Reputation: 9
I'm working with K-Fold Cross-Validation in a Grid Search setup for hyperparameter tuning. I have a few questions about how the model is trained and evaluated:
When I use GridSearchCV
, the model is evaluated across multiple folds (let's say 10). For each hyperparameter combination, the model is trained on ( K-1 ) folds and validated on the remaining fold. When I obtain the best_grid
model after the grid search, which specific training data (i.e., which folds) was this model trained on?
When I call best_grid.predict(X_test)
, on which dataset is this model making predictions? Has it been trained on the entire dataset after the grid search, or is it still based on the folds used during cross-validation?
If the best_grid
model has not been trained on the entire dataset yet, do I need to explicitly fit it to the full dataset again before making predictions?

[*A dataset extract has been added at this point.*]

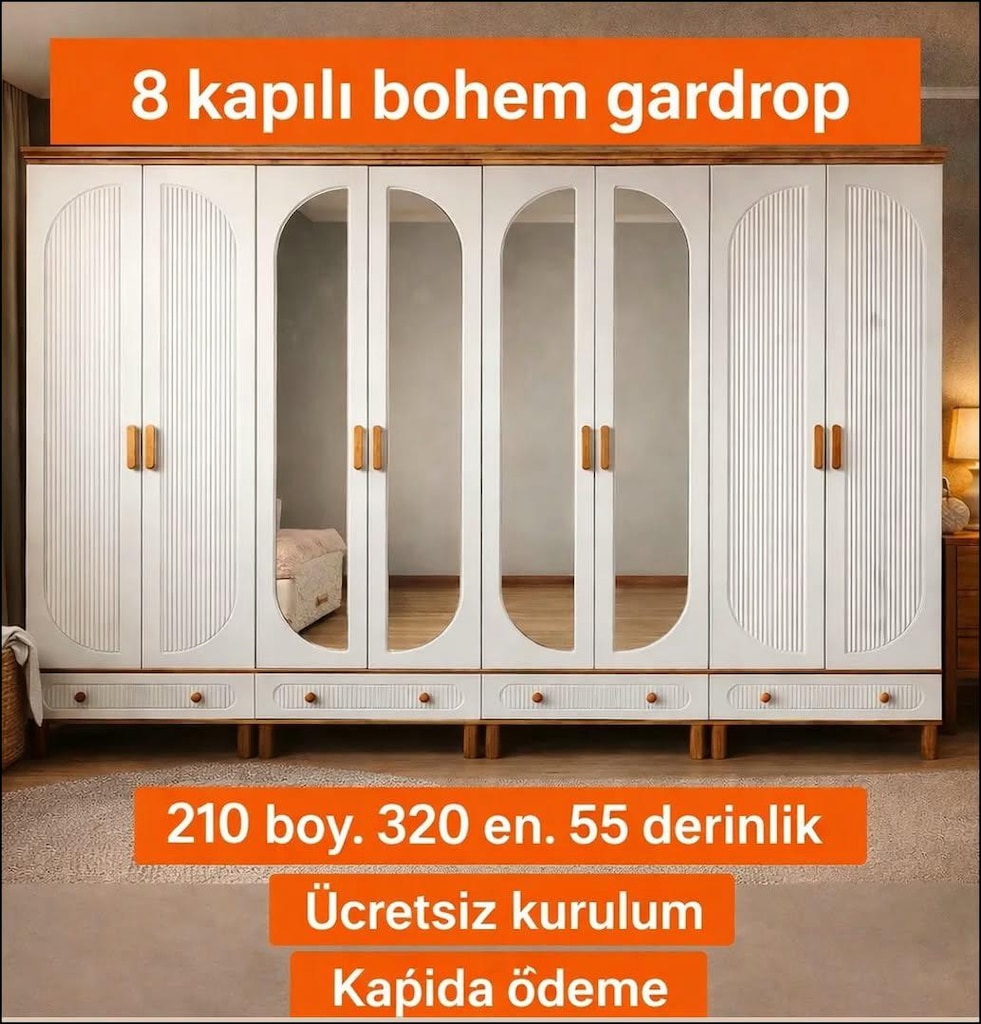 8 kapılı GARDROP - 6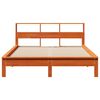 vidaXL Cadre de lit sans matelas cire marron 150x200cm bois pin massif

I want to get the R² train score, but I'm confused about the score I receive when using the following Code:
param_grid = {f'regressor__regressor__{param}': values for param, values in model_info['params'].items()}
grid_search = GridSearchCV(full_pipeline, param_grid, cv=stratified_kf.split(X, y_binned), scoring="r2", n_jobs=4, return_train_score=True)
grid_search.fit(X,y)
if grid_search.best_score_ > best_score:
best_score = grid_search.best_score_
best_model = model_name
best_grid = grid_search
mean_train_score = best_grid.cv_results_['mean_train_score'][best_grid.best_index_] #
print(mean_train_score) # THIS THING HERE
Upvotes: -1
Views: 56
Reputation: 8152
The code you have returns the R2 score on the training set. It's there in cv_results_
, as mean_train_score
, etc.
Realize that the grid_search
object keeps track of the best score and best parameters for you, you don't need your if
block.
The grid_search
object is an estimator, and ends up being fit with the best parameters (as per the folded grid search) on all the data you give it (X
and y
in your case). This is because by default, refit=True
. So when you do predict
, you are getting the best model determined by the grid search. (This model is also available as grid_search.best_estimator_
.)
If you do grid_search.predict(X_test)
then you are predicting on X_test
. So hopefully this data was not part of X
.
Remember to refit your best model to absolutely all your data before using in production! (That is, combine X
and X_test
to fit the best model.)
Upvotes: 0